The third action area is about adapting our operational policies to routinely involve patients and their communities in our medico-operational choices.

“We’ve already been working on how Médecins Sans Frontières can be better integrated into the community and with other organisations that already exist to make sure that care is available,” says Claire. The next step is to work more often with communities to problem-solve together. 

As Claire explains, “For too long, communities have been seen as victims and vulnerable—and they can be those things. But they can also be resourceful and resilient, and working with others is really tapping into that, saying ‘You know, this is a problem that we've seen. How could we address this as a team?’  

I'm really excited to see where and how we go with that, because I think that's going to be really vital to the continued success of Médecins Sans Frontières.”

VALUING THE COMMUNITY’S ROLE

Abdoul-Aziz Mohammed is executive officer in charge of Médecins Sans Frontières’ West Africa regional office in Dakar, Senegal, which is highlighting inclusivity and proximity as it develops its patient-centred approach.

"We have seen the limits of the old model of medical humanitarian aid, which sometimes could be a very top-down approach, especially when communities’ opinions were not considered or valued. 

We need to consider our patients and communities as partners, and take time to explain what we do and listen to their needs. It is important that a mother understands the medical act performed on her child, and that she is given the space to contribute when possible.

An example of community inclusion that still inspires me today comes from a project at the border between Tahoua and Agadez in Niger and Ménaka in Mali.

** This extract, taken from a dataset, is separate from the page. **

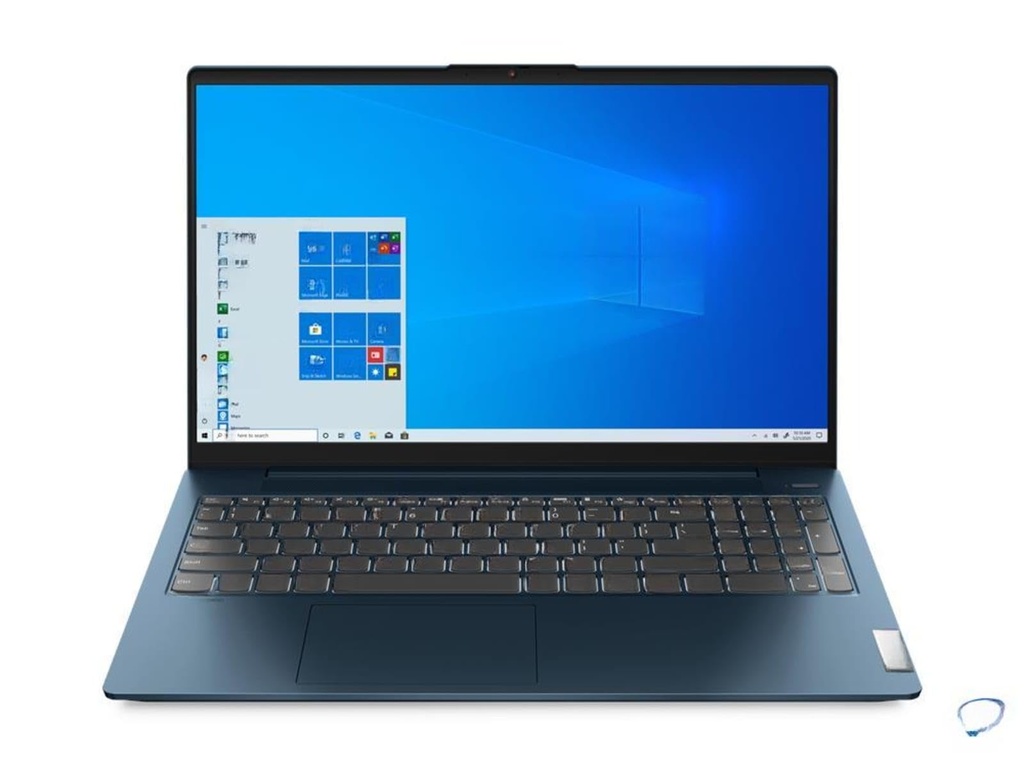 PORTATIL LENOVO IDEAPAD 5 15ITL05 INTEL CORE I5-1135G7 2.40 GHZ RAM 8 GB M2 512 GB 15.6 PULG AZUL TOUCH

Here we set up village committees made up of women and men designated by the community. These committees have played a crucial role in our understanding of the transhumance route of the nomadic populations [involving movement with their livestock], which changes according to the seasons. Thanks to the exchanges with the committees, we could better follow the movements of people and better plan the interventions of mobile clinics in order to treat tuberculosis, pregnancy complications or to carry out surgery to nomadic people and migrants expelled from Algeria."